» RECORDS FOR THIS EXERCISE:
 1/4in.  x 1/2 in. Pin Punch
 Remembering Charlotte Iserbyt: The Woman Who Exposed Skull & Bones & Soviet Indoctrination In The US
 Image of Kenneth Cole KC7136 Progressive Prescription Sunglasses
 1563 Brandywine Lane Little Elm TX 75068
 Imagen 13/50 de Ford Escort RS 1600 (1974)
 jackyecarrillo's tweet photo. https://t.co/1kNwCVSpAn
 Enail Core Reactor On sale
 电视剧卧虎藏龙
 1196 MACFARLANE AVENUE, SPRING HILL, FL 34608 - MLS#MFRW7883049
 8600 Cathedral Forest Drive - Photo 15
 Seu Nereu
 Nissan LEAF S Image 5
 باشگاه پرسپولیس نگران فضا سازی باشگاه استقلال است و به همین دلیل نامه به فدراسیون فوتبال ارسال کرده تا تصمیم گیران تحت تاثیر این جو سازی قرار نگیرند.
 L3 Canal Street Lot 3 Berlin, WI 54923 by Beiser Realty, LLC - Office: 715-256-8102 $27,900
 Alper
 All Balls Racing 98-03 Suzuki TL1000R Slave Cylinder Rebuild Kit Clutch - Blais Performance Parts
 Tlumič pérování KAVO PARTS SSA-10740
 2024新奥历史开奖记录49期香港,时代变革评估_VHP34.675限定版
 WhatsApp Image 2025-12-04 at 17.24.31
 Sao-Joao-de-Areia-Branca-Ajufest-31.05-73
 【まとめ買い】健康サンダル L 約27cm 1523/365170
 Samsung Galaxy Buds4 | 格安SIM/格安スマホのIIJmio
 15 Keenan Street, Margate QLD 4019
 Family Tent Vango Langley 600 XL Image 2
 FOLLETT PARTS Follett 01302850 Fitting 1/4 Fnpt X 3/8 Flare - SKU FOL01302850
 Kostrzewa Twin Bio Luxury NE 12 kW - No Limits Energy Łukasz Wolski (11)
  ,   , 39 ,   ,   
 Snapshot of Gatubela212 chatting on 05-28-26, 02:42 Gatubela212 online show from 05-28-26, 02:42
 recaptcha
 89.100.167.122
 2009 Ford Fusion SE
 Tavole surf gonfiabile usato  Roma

» TASK DETAILS: Please reproduce the listing word for word, but only from the line that contains "Family Tent Vango Langley 600 XL Image 2" to its last line, inclusive.

» RESULT OF THE EXERCISE:
 Family Tent Vango Langley 600 XL Image 2
 FOLLETT PARTS Follett 01302850 Fitting 1/4 Fnpt X 3/8 Flare - SKU FOL01302850
 Kostrzewa Twin Bio Luxury NE 12 kW - No Limits Energy Łukasz Wolski (11)
  ,   , 39 ,   ,   
 Snapshot of Gatubela212 chatting on 05-28-26, 02:42 Gatubela212 online show from 05-28-26, 02:42
 recaptcha
 89.100.167.122
 2009 Ford Fusion SE
 Tavole surf gonfiabile usato  Roma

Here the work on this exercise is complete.